Cynthia Ozick owns a singular place in American literature for work that enlivens the stories of the Jewish people and illuminates a broad range of topics, from politics to literary criticism. She is the author of several novels, including The Puttermesser Papers, and her much-loved story “The Shawl” was produced for the stage. Ozick has received many awards during five decades of writing, including the National Book Critics Circle Award for her essay collection Quarrel and Quandary. Her most recent collection is From Critics, Monsters, Fanatics, and Other Literary Essays (Houghton Mifflin, 2016).

Photograph by Nancy Crampton.

W. H. Auden at the 92nd Street Y

An Essay

by Cynthia Ozick
There must be sorrow if there can be love.
—from “Canzone”


Ah, the fabled Sixties and Seventies! Jack Kerouac and William Burroughs! The glorious advent of Howling! Of Getting Stoned! The proliferation of Ginsbergian Exclamation Points!

To secure the status of their literary subversion, these revolutionary decades were obliged, like the cadres of every insurrection, to denigrate and despise, and sometimes to blow up, their immediately predecessor, the Fifties—the middling middle, the very navel, of the twentieth century. The Fifties, after all, were the Eisenhower years, stiff and small like Mamie’s bangs (and just as dated), dully mediocre, constrained, consumerist, car-finned, conformist, forgettable, and stale as modernism itself. Randall Jarrell, one of its leading poets and critics, named this midcentury epoch “the Age of Criticism”—and what, however he intended it, could suggest prosiness more? And what is prosiness if not the negation of the lively, the living, the lasting, the daring, the true, and the new?

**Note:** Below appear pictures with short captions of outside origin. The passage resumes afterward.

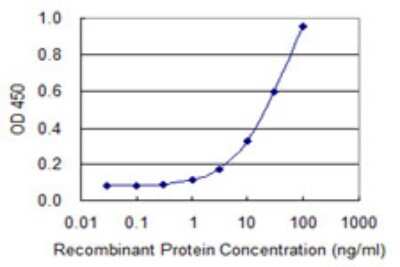 Sandwich ELISA: CLIP3 Antibody (4C11) [H00025999-M09] - Detection limit for recombinant GST tagged CLIP3 is 0.3 ng/ml as a capture antibody.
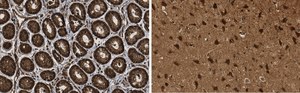 Anti-p44 MAPK (ERK1) Antibody, clone 13F10, ZooMAb® Rabbit Monoclonal recombinant, expressed in HEK 293 cells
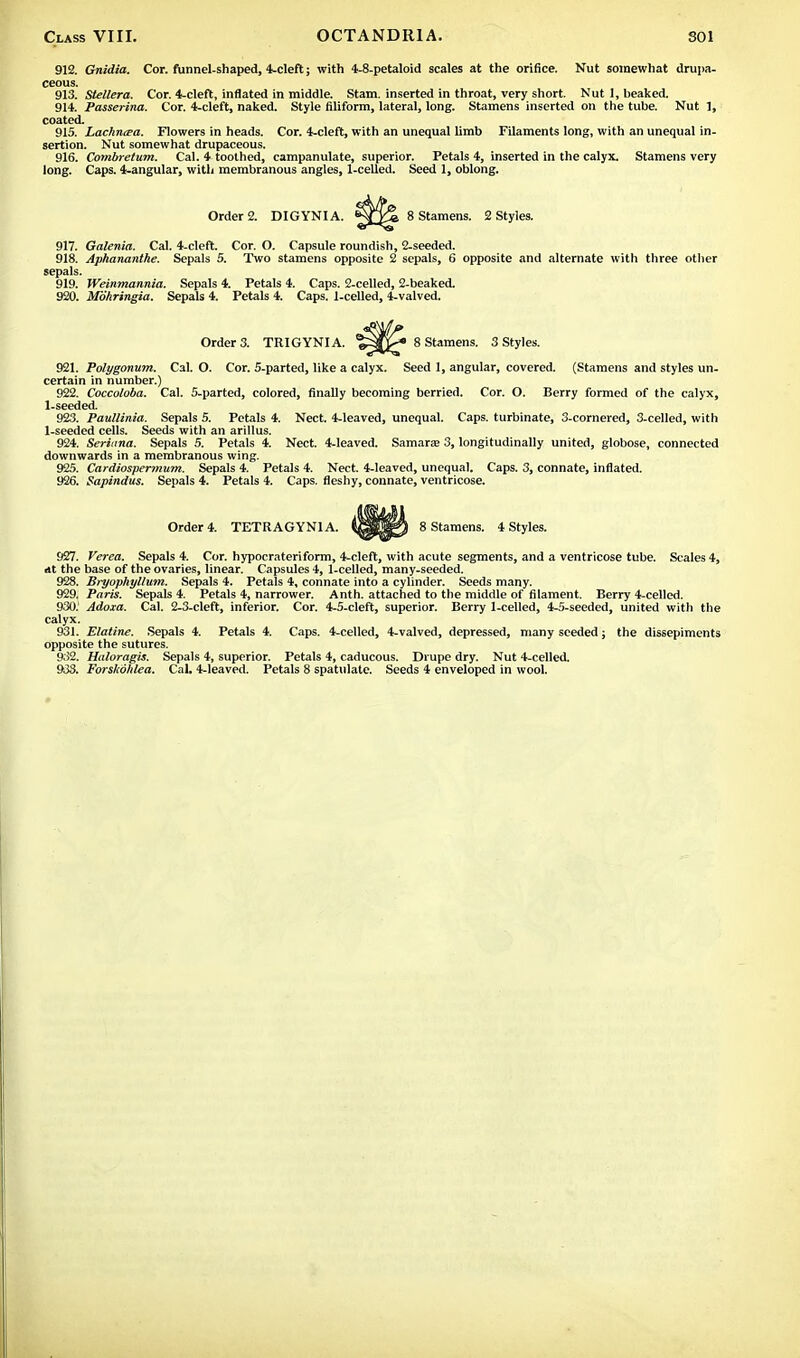 912. Gnidia. Cor. funnel-shaped, deleft; with 4-8-petaloid scales at the orifice. Nut somewhat drupa- ceous. 913. Stellera. Cor. 4-cleft, inflated in middle. Stam. inserted in throat, very short. Nut 1, beaked. 914. Passerina. Cor. 4-cleft, naked. Style filiform, lateral, long. Stamens inserted on the tube. Nut 1, coated. 915. Lachnara. Flowers in heads. Cor. 4-cleft, with an unequal limb Filaments long, with an unequal in- sertion. Nut somewhat drupaceous. 916. Combretum. Cal. 4 toothed, campanulate, superior. Petals 4, inserted in the calyx. Stamens very long. Caps. 4-angular, with membranous angles, 1-celled. Seed 1, oblong. Order 2. DIGYNIA. 8 Stamens. 2 Styles. 917. Galenia. Cal. 4-cleft. Cor. O. Capsule roundish, 2-seeded. 918. Aphananthe. Sepals 5. Two stamens opposite 2 sepals, 6 opposite and alternate with three other sepals. 919. Weinmannia. Sepals 4. Petals 4. Caps. 2-celled, 2-beaked. 920. Mohringia. Sepals 4. Petals 4. Caps. 1-celled, 4-valved. Order 3. TRIGYNI A. 8 Stamens. 3 Styles. 921. Polygonum, Cal. O. Cor. 5-parted, like a calyx. Seed 1, angular, covered. (Stamens and styles un- certain in number.) 922. Coccoloba. Cal. 5-parted, colored, finally becoming berried. Cor. O. Berry formed of the calyx, 1-seeded. 923. Paullinia. Sepals 5. Petals 4. Nect. 4-leaved, unequal. Caps, turbinate, 3-cornered, 3-celled, with 1-seeded cells. Seeds with an aril Ins. 924. Seriana. Sepals 5. Petals 4. Nect. 4-leaved. Samara; 3, longitudinally united, globose, connected downwards in a membranous wing. 925. Cardiospermum. Sepals 4. Petals 4. Nect. 4-leaved, unequal. Caps. 3, connate, inflated. 926. Sapindus. Sepals 4. Petals 4. Caps, fleshy, connate, ventricose. Order 4. TETRAGYN1 A. 8 Stamens. 4 Styles. 927. Verea. Sepals 4. Cor. hypocrateriform, 4-cleft, with acute segments, and a ventricose tube. Scales 4, At the base of the ovaries, linear. Capsules 4, 1-celled, many-seeded. 928. B>-yophyllum. Sepals 4. Petals 4, connate into a cylinder. Seeds many. 929. Paris. Sepals 4. Petals 4, narrower. Anth. attached to the middle of filament. Berry 4-celled. 930. ' Adoxa. Cal. 2-3-cleft, inferior. Cor. 4-5-cleft, superior. Berry 1-celled, 4-5-seeded, united with the calyx. 931. Elatine. Sepals 4. Petals 4. Caps. 4-celled, 4-valved, depressed, many seeded; the dissepiments opposite the sutures. 932. Haloragis. Sepals 4, superior. Petals 4, caducous. Drupe dry. Nut 4-celled. 933. Forskolilea. Cal. 4-leaved. Petals 8 spatulate. Seeds 4 enveloped in wool.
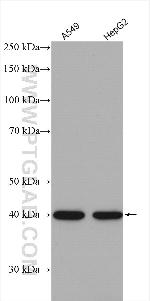 PRMT1 Antibody in Western Blot (WB)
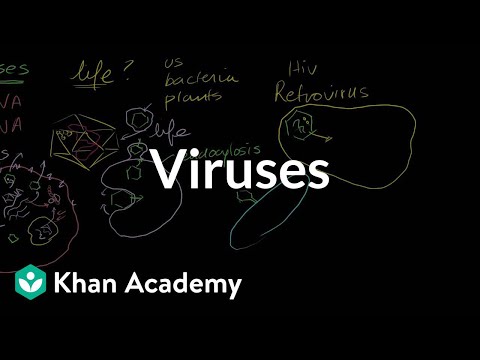 Viruses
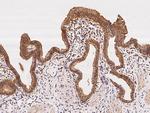 MRPS5 Antibody in Immunohistochemistry (Paraffin) (IHC (P))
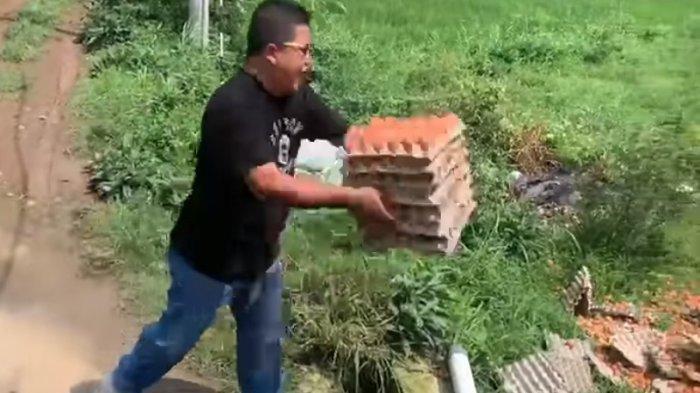 viral-peternak-membuang-ratusan-telur-di-sawah.jpg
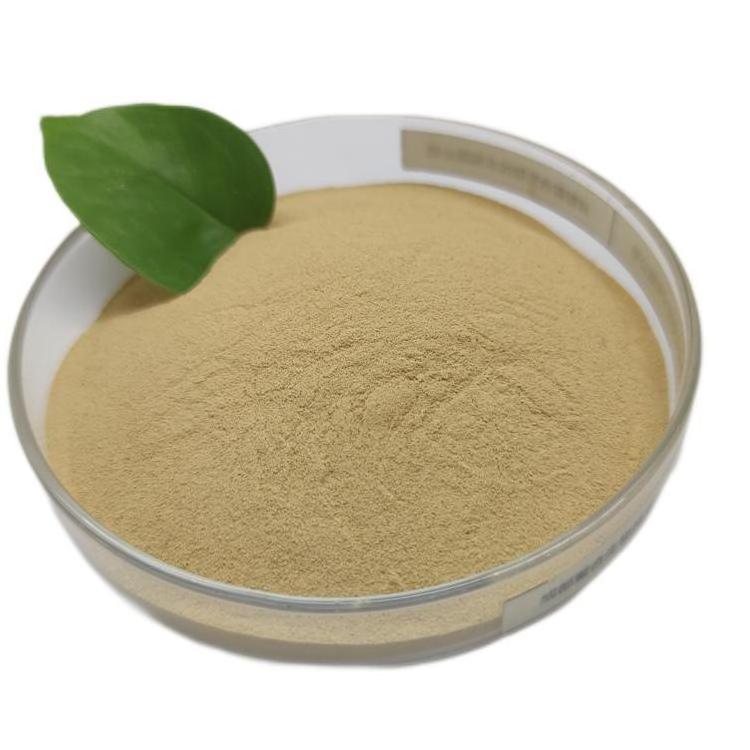 Feed Protein Raw Materials Yeast Powder Feed Additives Beer Yeast Powder for Animal Supplement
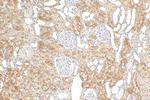 NIT2 Antibody in Immunohistochemistry (Paraffin) (IHC (P))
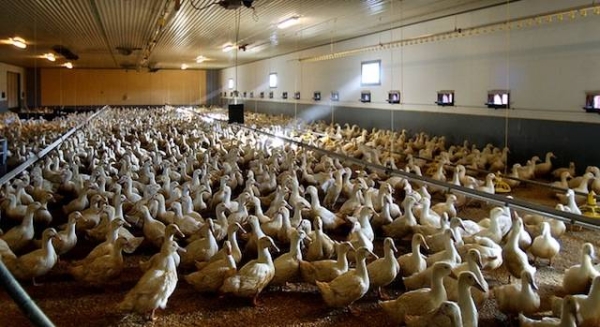 South Korea said on Wednesday it is speeding up efforts to cull poultry around farms infected with highly pathogenic bird flu amid growing concerns over the virus spreading nationwide. —Courtesy photo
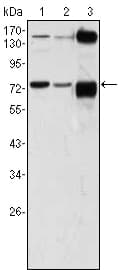 ATP2C1 Antibody (clone 4G12)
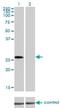 RNA polymerase transcriptional regulation mediator subunit 7 homolog antibody, H00009443-M01, Novus Biologicals, Western Blot image 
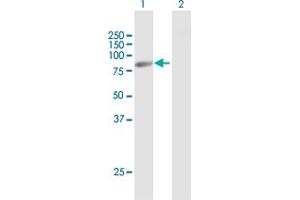 Western Blot analysis of ACSL3 expression in transfected 293T cell line by ACSL3 MaxPab polyclonal antibody. (Acsl3 Antikörper  (AA 1-720))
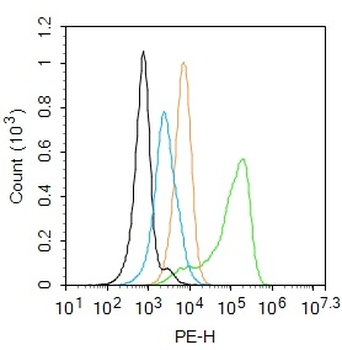Phospho-eNOS (Thr113) Rabbit Polyclonal Antibody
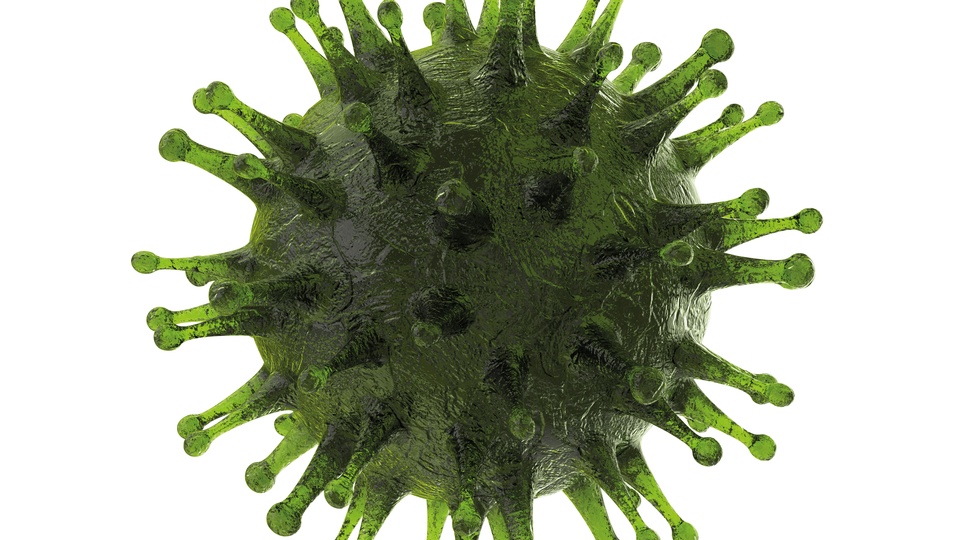 Corona-Virus © Shutterstock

The reality was sublimely opposite. It was, in fact, the Age of Poetry, a pinnacle and an exaltation; there has not been another since. Its poets were more than luminaries—they were colossi, their very names were talismans, and they rose before us under a halo of brilliant lights like figures in a shrine. It was a kind of shrine: the grand oaken hall, the distant stage and its hallowed lectern, the enchanted voices with their variegated intonations, the rapt listeners scarcely breathing, the storied walls themselves in trance—this was the Poetry Center of the 92nd Street Y in the heart of the twentieth century.